4

When I define key mappings, I prefer using a modifier key with another key, because modifier key can make you so much fast if you need to press some key mapping multiple times, you only need to hold down the modifier key once and keep pressing the other key.

e.g.
say if I map ctrl j to cycle through opening windows. I just need to hold down ctrl once and press several time j to get to the window I want. that's just 1 * ctrl + n * j key strokes.

But the <leader> key is different. <leader> key is not modifier key. So if map <leader> j to cycle through windows. I need to repeat: press <leader>, press j several times. that's n * <leader> + n * j key strokes.
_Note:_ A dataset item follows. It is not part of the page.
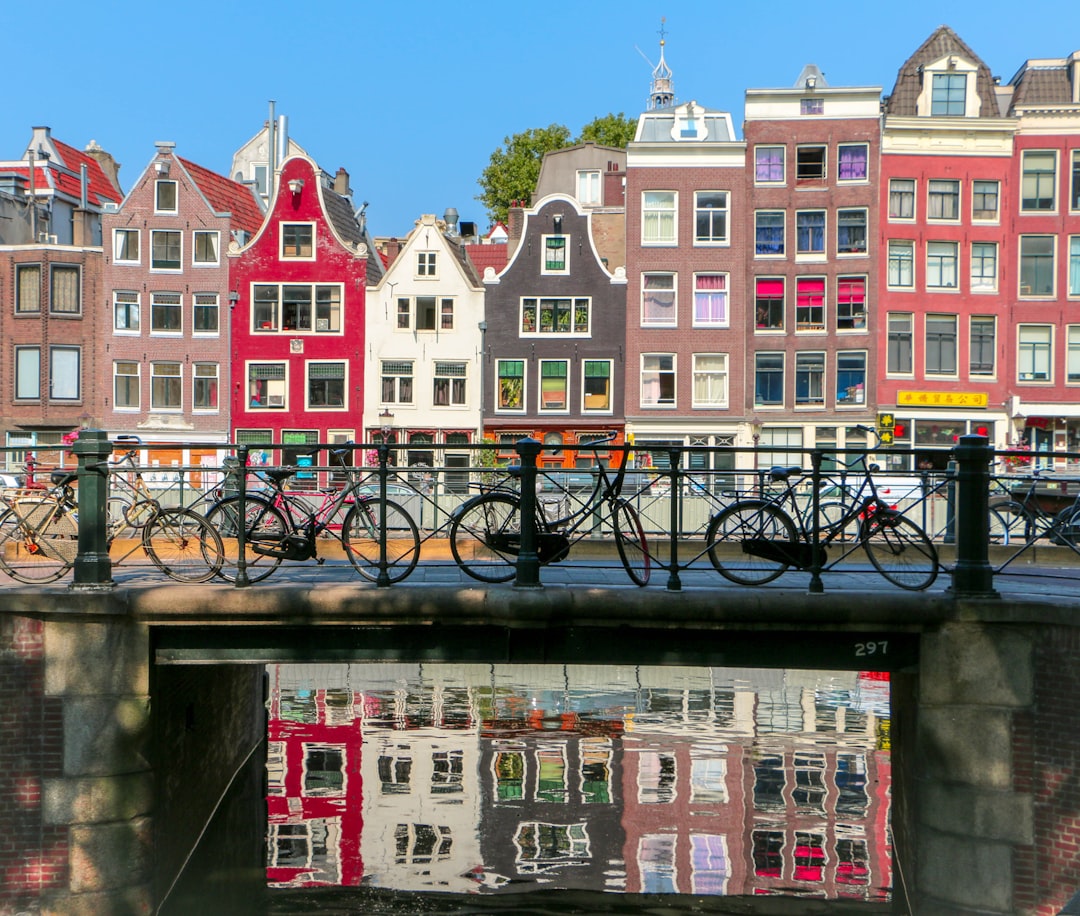 Amsterdam, Hollanda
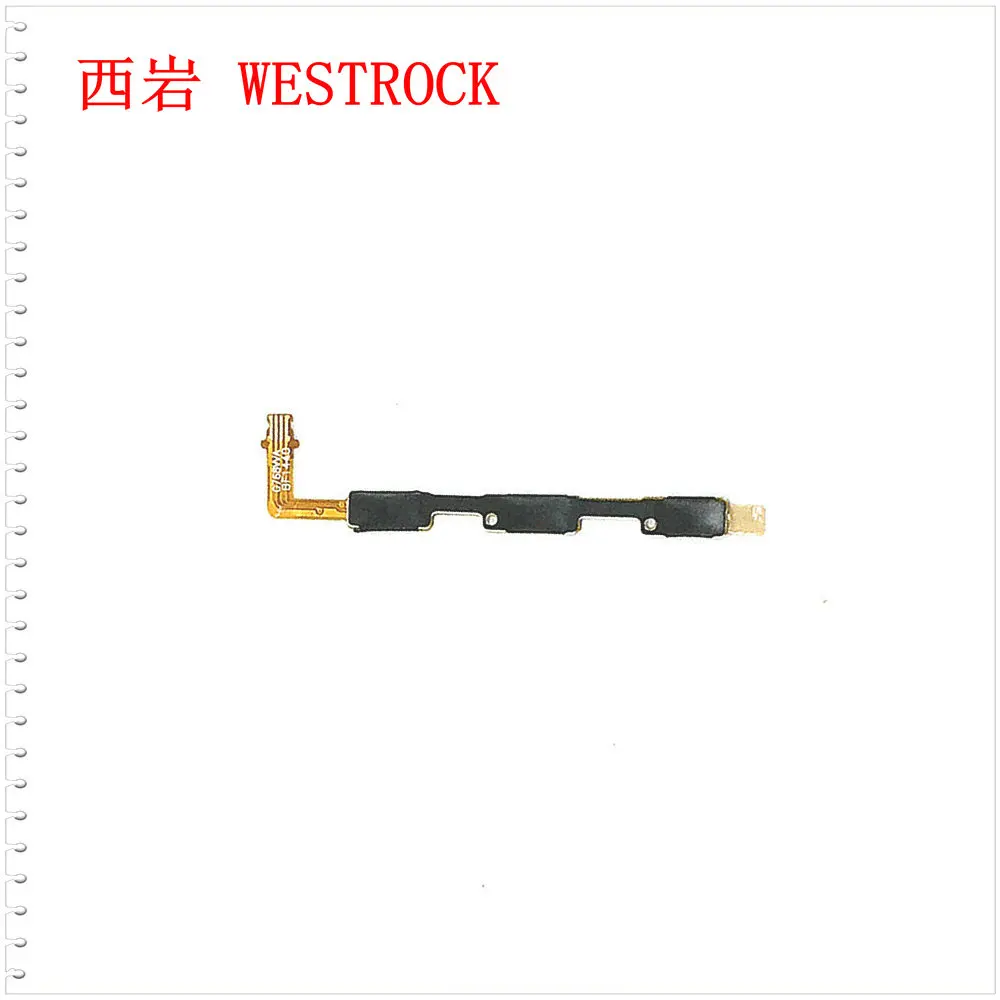 1PCS New original power Button on/off & Volume up/down Buttons flex cable for Huawei G7 C199 199-CL00 G760 G760-TL00 Cell phone
1PCS New original power Button on/off & Volume up/down Buttons flex cable for Huawei G7 C199 199-CL00 G760 G760-TL00 Cell phone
So is there any chance I can make the <leader> key modifier? or if you know some other way I can define my own modifier key?

  • 1
    Why don't you just use <ctrl>- mappings directly, if that is what you want? – Karl Yngve Lervåg Dec 18 '15 at 7:33
  • because I don't want to override some built-in key mappings. – Aaron Shen Dec 18 '15 at 22:32
6

As has been said, this is not directly possible. There exists however plugins that create clever maps to achieve something similar: tinykeymap, tinymode or vim-submode

  • Thanks for the plugins, they seem very interesting. I'll give a try. – Aaron Shen Dec 18 '15 at 22:33
4

You can't turn the <leader> key into a modifier key and you can't create your own modifier keys.